Assignment
With the pictures omitted, set down exactly the lines from the one that contains "Медовая безрукавка" through the last line of the data.

*** Records for the task

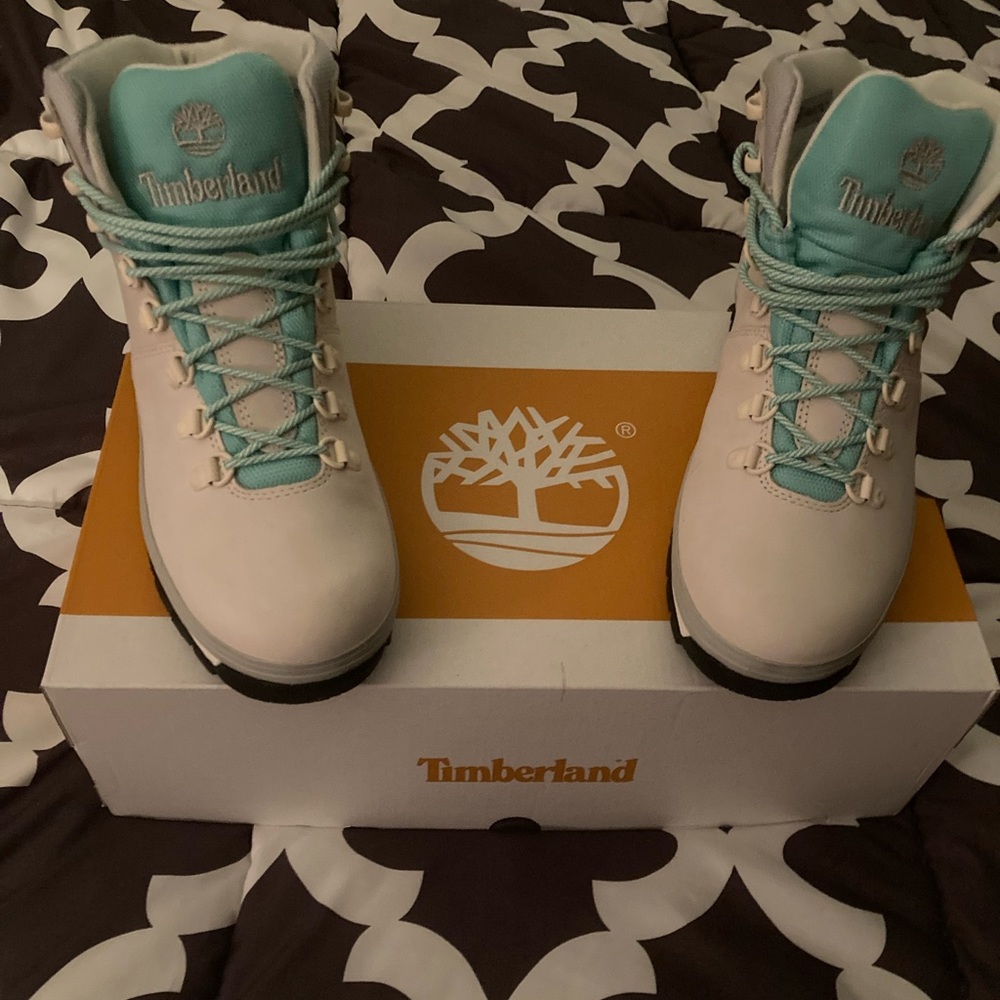 Womens size 8 Timberland boots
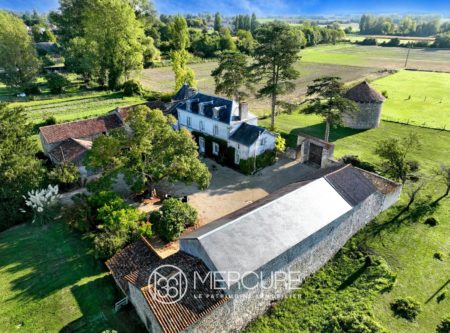 ANCIENNE PLACE FORTE XVIIe IMH sur 1,2 Ha - 10213PO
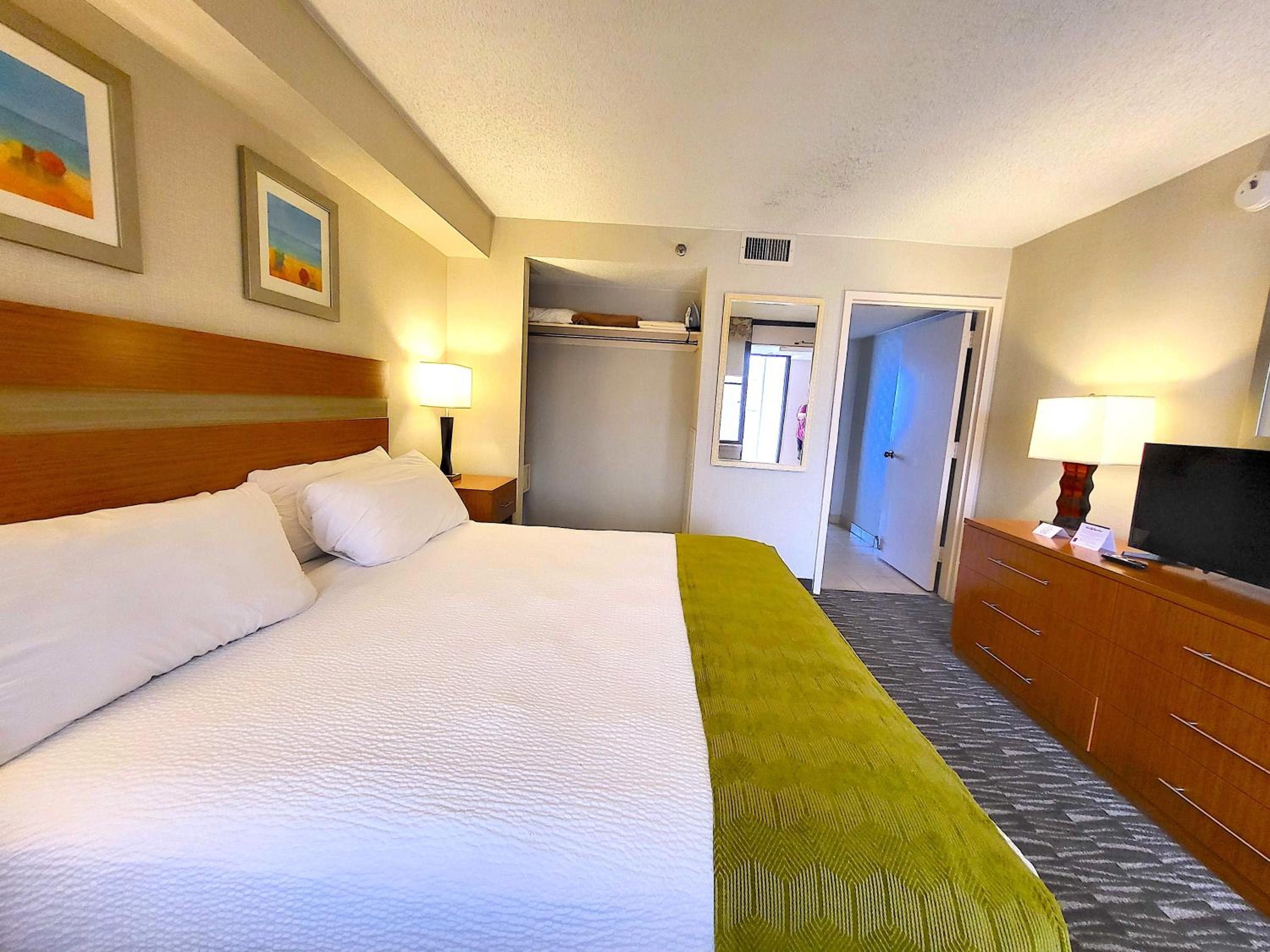 Superior Suite with Sea View - Oceanfront - Private Balcony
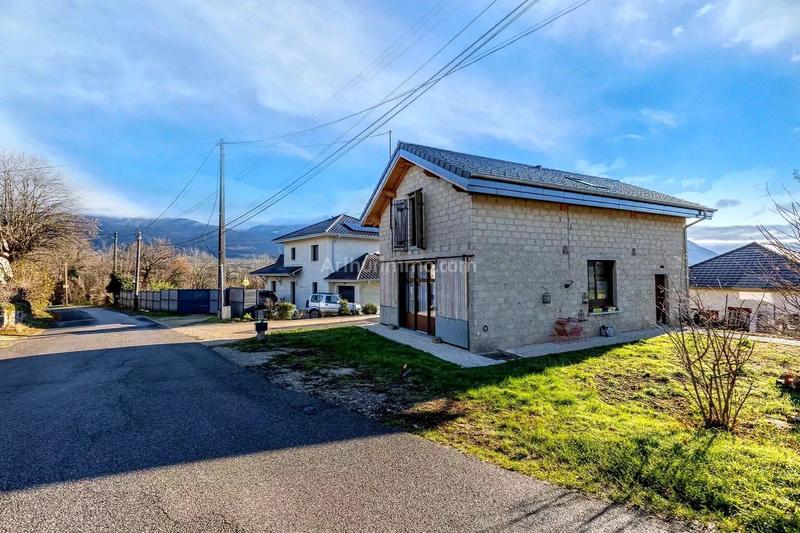 Maison - 140 m² - 4 pièces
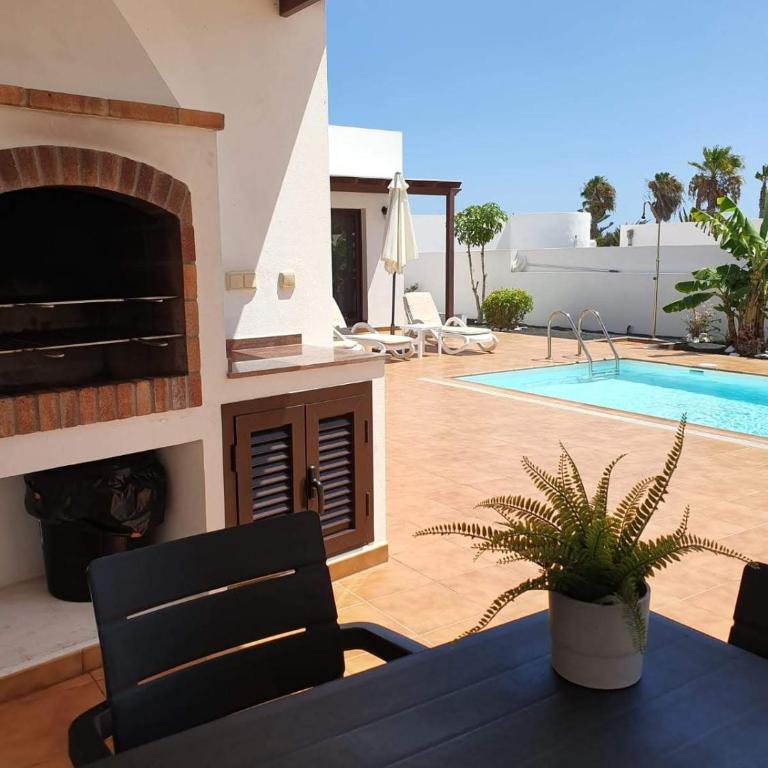 Villa Santana - Three-Bedroom Villa - 24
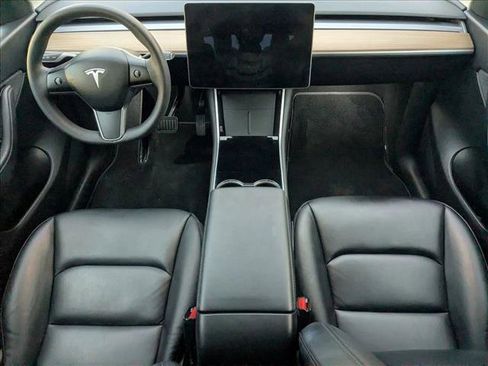 Used 2021 Tesla Model Y Long Range image 17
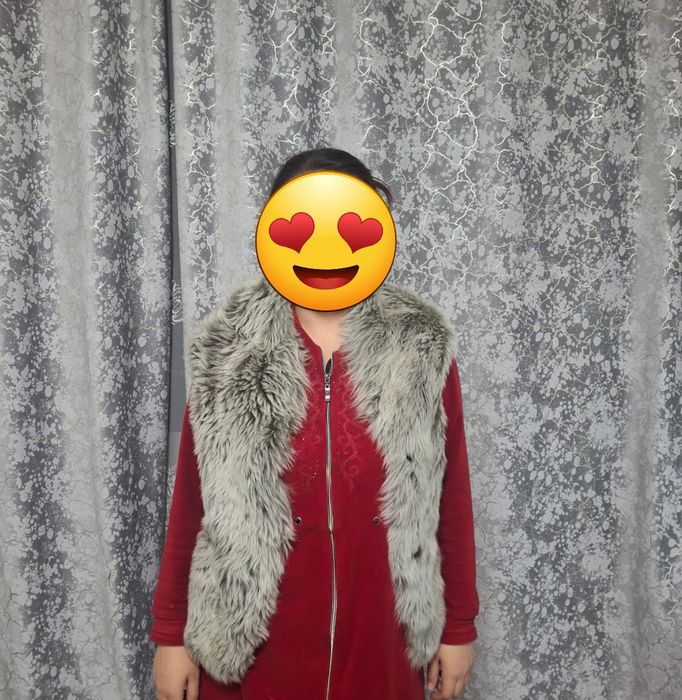 Медовая безрукавка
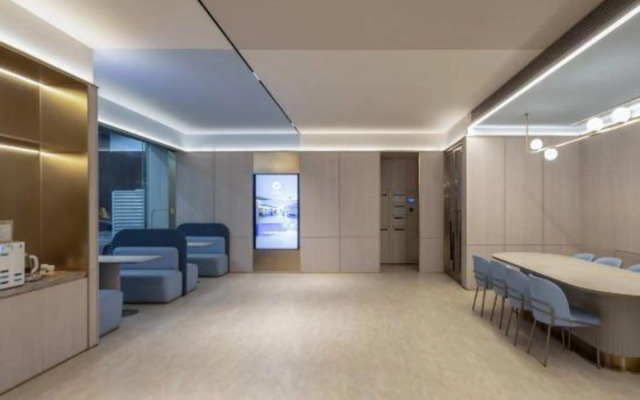 HanTing Hotel (Bengbu Carnival Park)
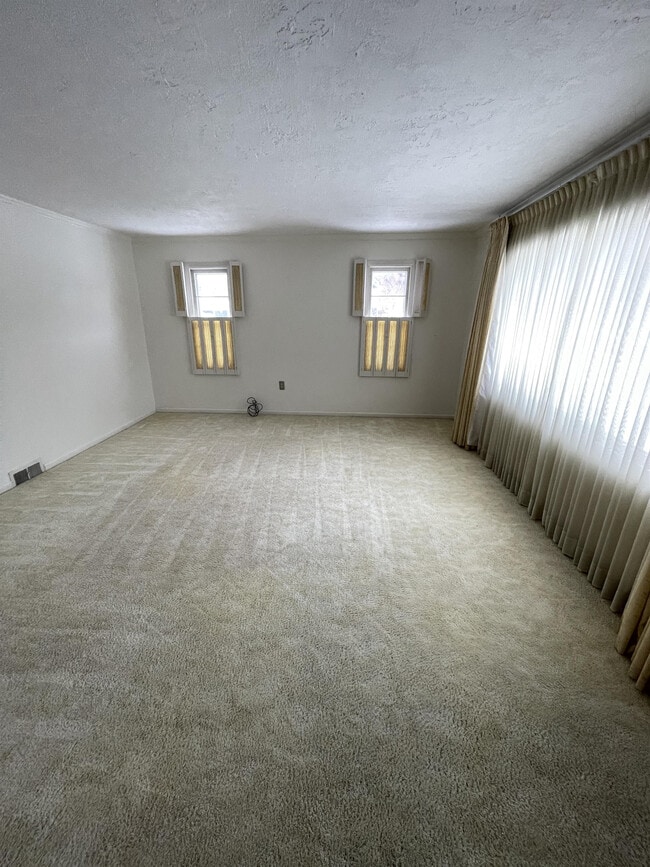 2025 2nd Ave N in Great Falls, MT - Building Photo - Building Photo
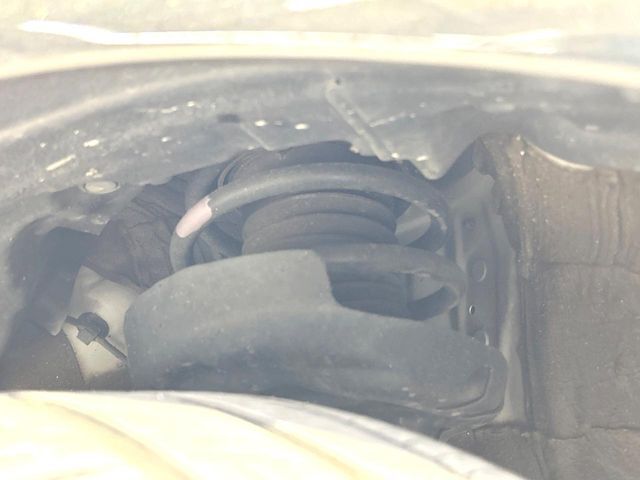 お車を安心してお乗りいただく為には、足回りの定期点検が欠かせません。サービスサポート（有償保証）では無料点検もご提供しており、安心のカーライフをお過ごしいただけるサポート体制が整っています。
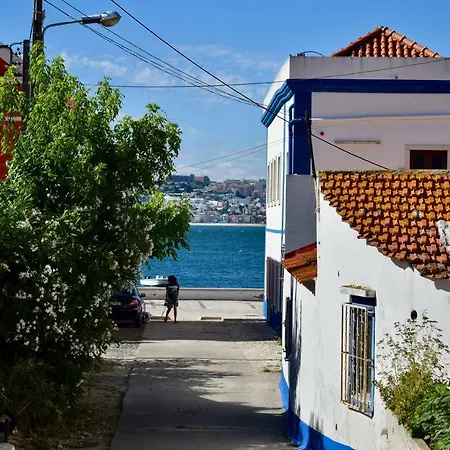 Fisherman's House - A Boat Ride From Lisbon Tatil Evi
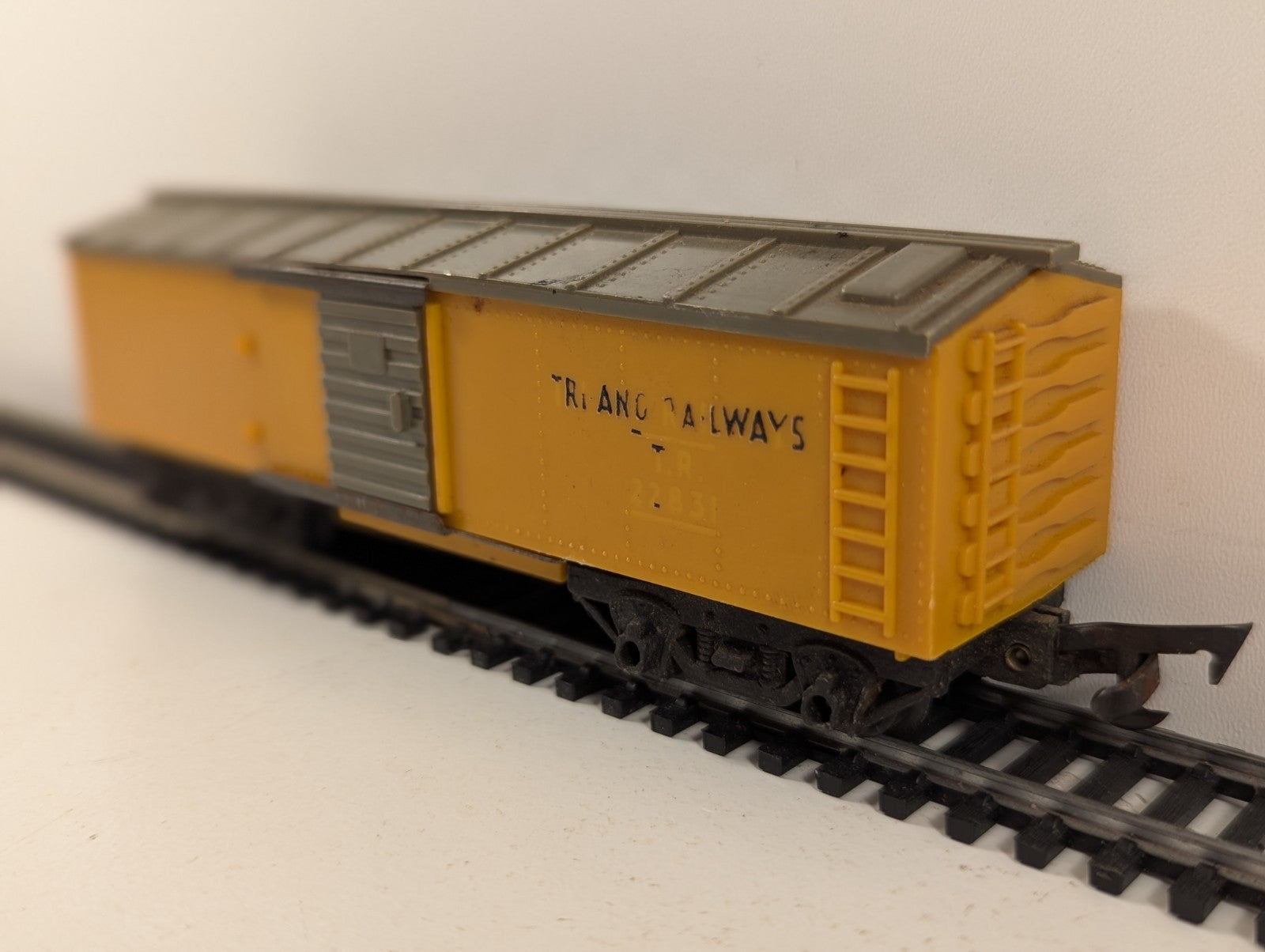 Tri-ang Railways R114 OO Gauge Yellow Box Car
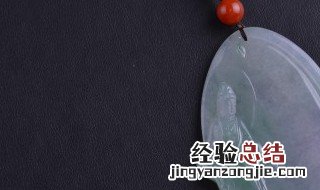 翡翠荷花雕件的寓意是什么 玉雕翠鸟荷花是什么寓意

******

Result
 Медовая безрукавка
 HanTing Hotel (Bengbu Carnival Park)
 2025 2nd Ave N in Great Falls, MT - Building Photo - Building Photo
 お車を安心してお乗りいただく為には、足回りの定期点検が欠かせません。サービスサポート（有償保証）では無料点検もご提供しており、安心のカーライフをお過ごしいただけるサポート体制が整っています。
 Fisherman's House - A Boat Ride From Lisbon Tatil Evi
 Tri-ang Railways R114 OO Gauge Yellow Box Car
 翡翠荷花雕件的寓意是什么 玉雕翠鸟荷花是什么寓意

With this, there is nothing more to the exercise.